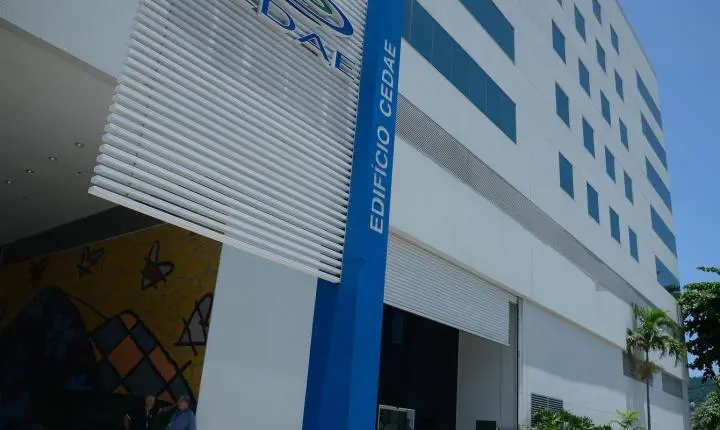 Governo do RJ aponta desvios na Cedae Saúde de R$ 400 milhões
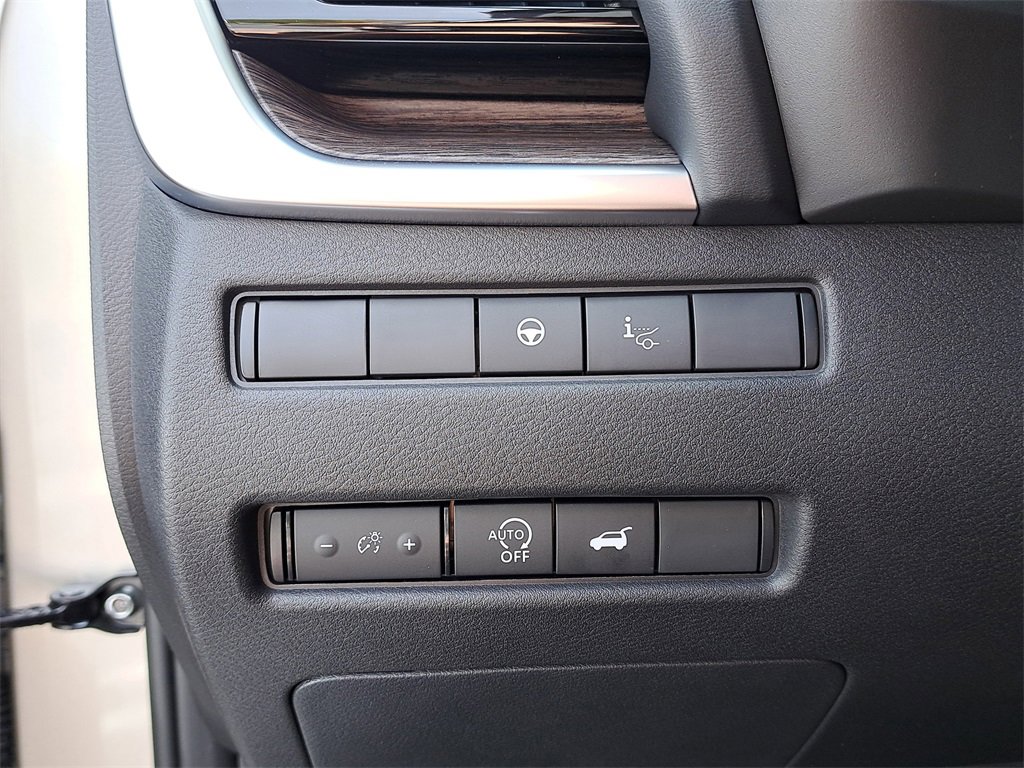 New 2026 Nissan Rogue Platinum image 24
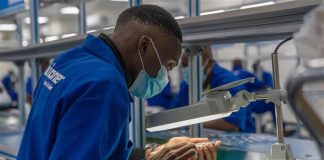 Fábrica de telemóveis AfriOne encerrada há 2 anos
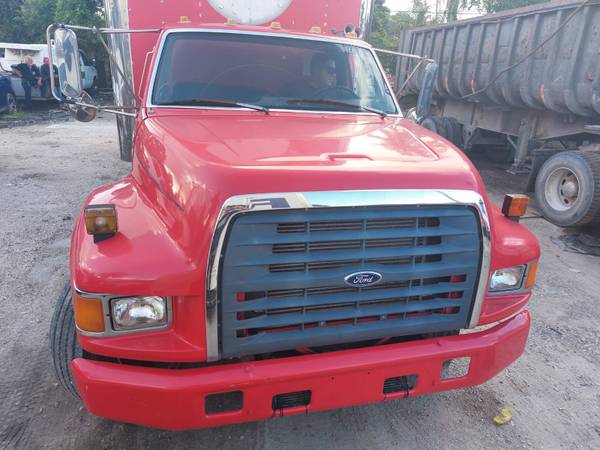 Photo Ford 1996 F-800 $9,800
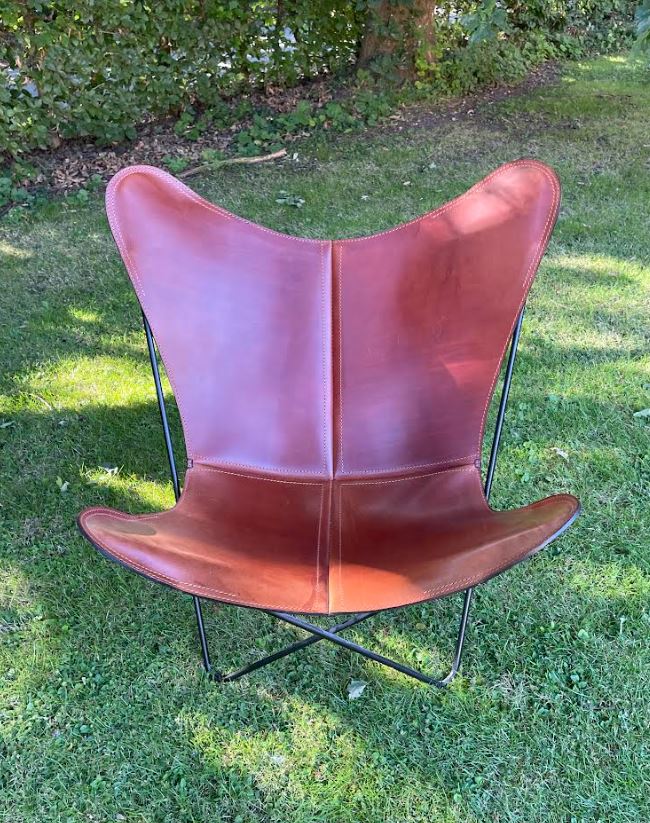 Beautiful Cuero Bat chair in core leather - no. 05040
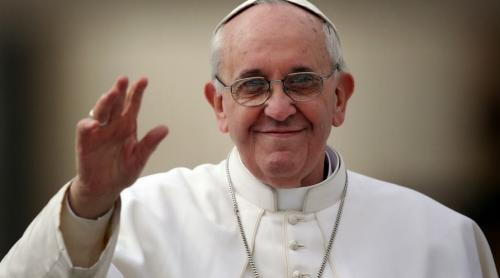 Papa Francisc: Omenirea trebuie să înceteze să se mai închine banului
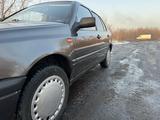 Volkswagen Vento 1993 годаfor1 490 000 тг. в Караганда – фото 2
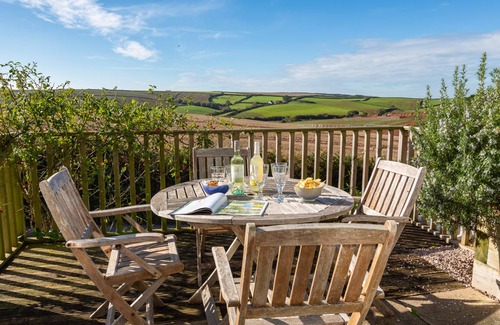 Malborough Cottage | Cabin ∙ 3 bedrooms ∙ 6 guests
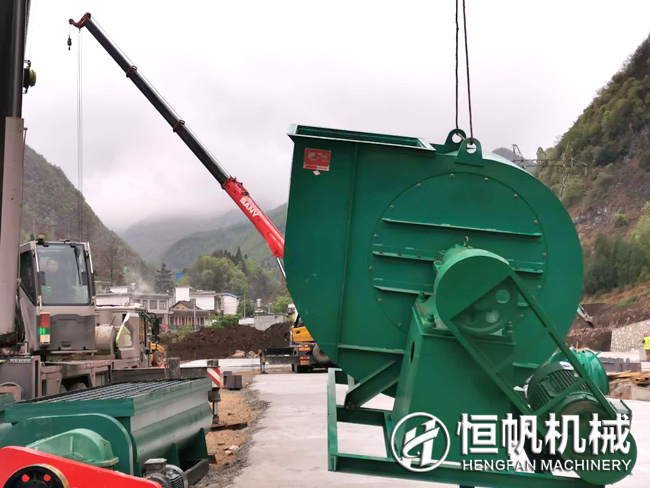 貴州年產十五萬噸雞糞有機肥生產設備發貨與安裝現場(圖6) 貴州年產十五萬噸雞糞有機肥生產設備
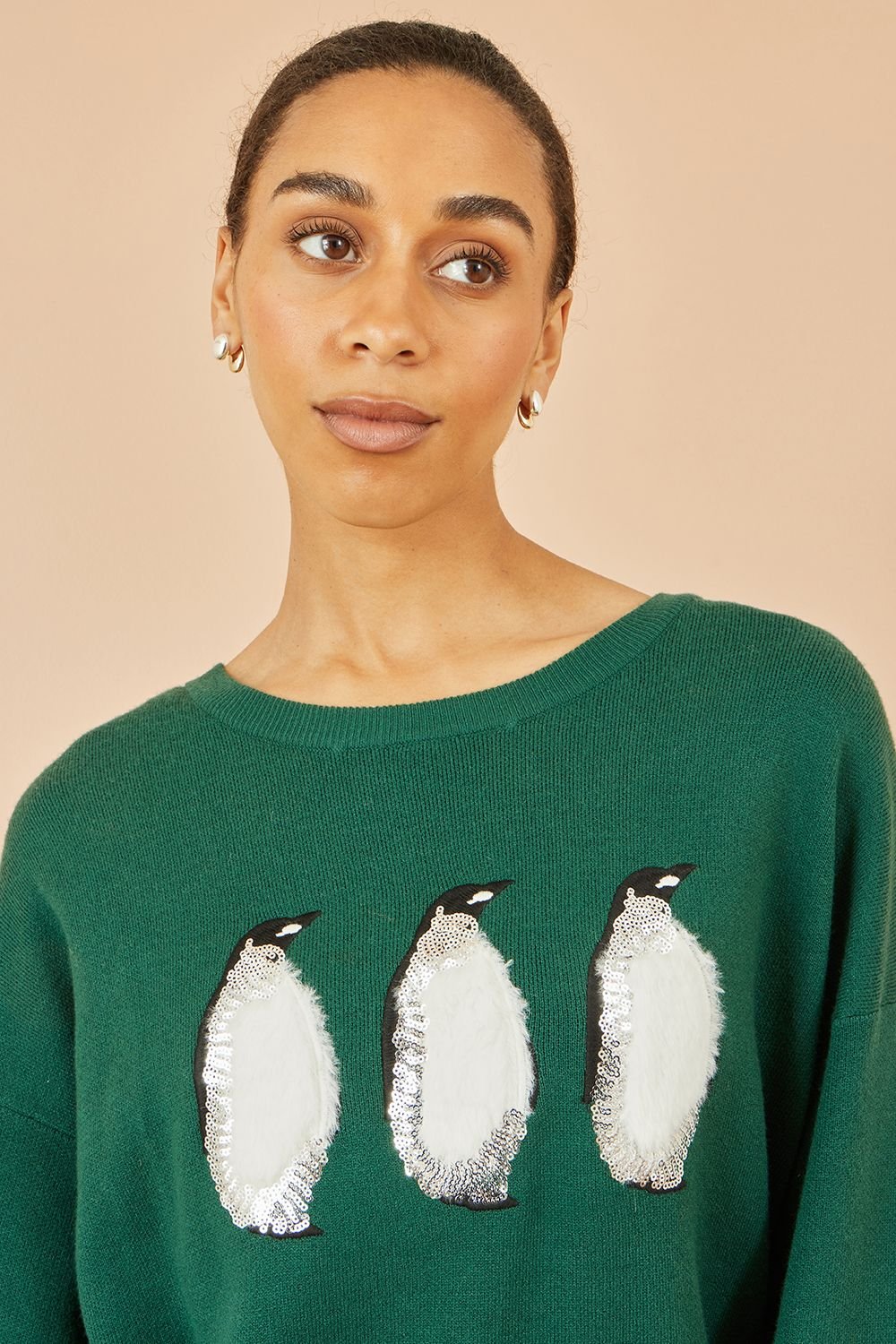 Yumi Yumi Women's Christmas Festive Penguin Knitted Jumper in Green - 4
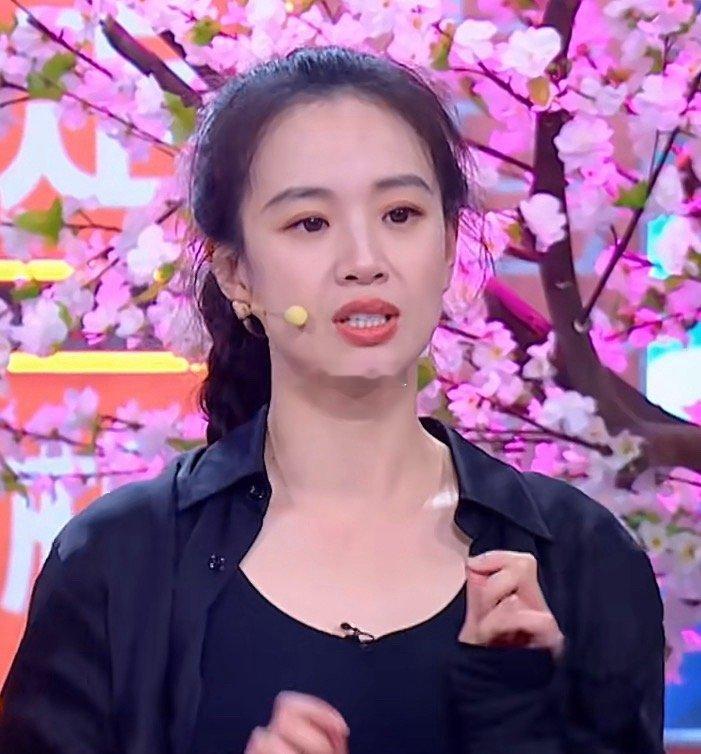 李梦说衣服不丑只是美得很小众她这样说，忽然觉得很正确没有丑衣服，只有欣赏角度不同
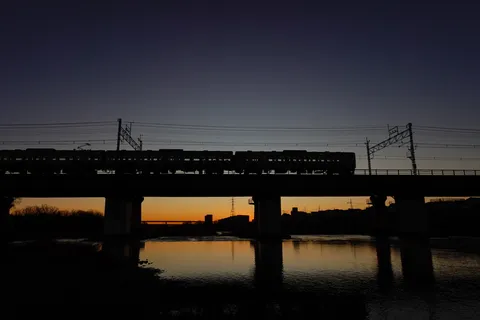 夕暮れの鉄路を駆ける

-=-=-

| ASSIGNED TASK |
Leave out the pictures, and please output only the lines from the line that contains "李梦说衣服不丑只是美得很小众" through the end of the data, both ends included.

| RESPONSE TO THE TASK |
 李梦说衣服不丑只是美得很小众她这样说，忽然觉得很正确没有丑衣服，只有欣赏角度不同
 夕暮れの鉄路を駆ける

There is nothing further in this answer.